In either of the above cases, both with an overworked stomach and an overworked heart and lungs, the complaint is very apt to be, “Why am I so tired when I have done nothing to get tired?” The answer is, “No, you have done nothing outside with your muscles, but the heart and lungs and the stomach are delicate and exquisite instruments. You have overworked them all, and such overwork is the more fatiguing in proportion to what is done than any other form, except overwork of the brain.” And the overtired stomach and heart and lungs tire the brain, of course.
Of the work that is given to the brain itself to overtire it we must speak later. So much now for that which prevents the body from keeping rested inside, in the finer working of its machinery.
It is easy to find out what and how to eat. A very little careful thought will show us that. It is only the plain common sense of eating we need. It is easy to see that we must not eat on a tired stomach, and if we have to do so, we must eat much less than we ordinarily would, and eat it more slowly. So much good advice is already given about what and how to eat, I need say nothing here, and even without that advice, which in itself is so truly valuable, most of us could have plain common sense about our own food if we would use our minds intelligently about it, and eat only what we know to be nourishing to us. That can be done without fussing. Fussing about food contracts the stomach, and prevents free digestion almost as much as eating indigestible food.
Then again, if we deny ourselves that which we want and know is bad for us, and eat only that which we know to be nourishing, it increases the delicacy of our relish.
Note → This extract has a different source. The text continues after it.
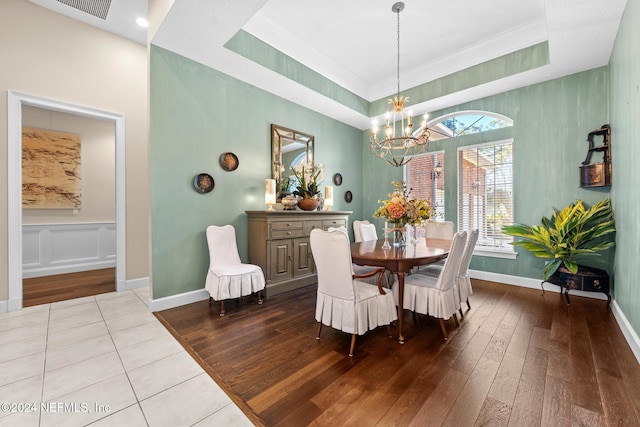 dining area featuring ornamental molding, an inviting chandelier, light hardwood / wood-style floors, and a raised ceiling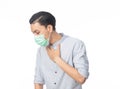 Young Asian Businessman in hygienic mask suffering sore throat Royalty Free Stock Photo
We do not lose relish by refusing to eat too much candy. We gain it. Human pigs lose their most delicate relish entirely, and they lose much—very much more—than that.
Unfortunately with most people, there is not the relish for fresh air that there is for food. Very few people want fresh air selfishly; the selfish tendency of most people is to cut it off for fear of taking cold. And yet the difference felt in health, in keeping rested, in ease of mind, is as great between no fresh air and plenty of fresh air as it is between the wrong kind of food and enough (and not too much) of the right kind of food.
Why does not the comfort of the body appeal to us as strongly through the supply of air given to the lungs as through that of food given to the stomach? The right supply of fresh air has such wonderful power to keep us rested!
Practical teaching to the children here would, among other things, give them training which would open their lungs and enable them to take in with every breath the full amount of oxygen needed toward keeping them rested. There are so many cells in the lungs of most people, made to receive oxygen, which never receive one bit of the food they are hungry for.
There is much more, of course, very much more, to say about the working of the machinery of the inside of the body and about the plain common sense needed to keep it well and rested, but I have said enough for now to start a thoughtful mind to work.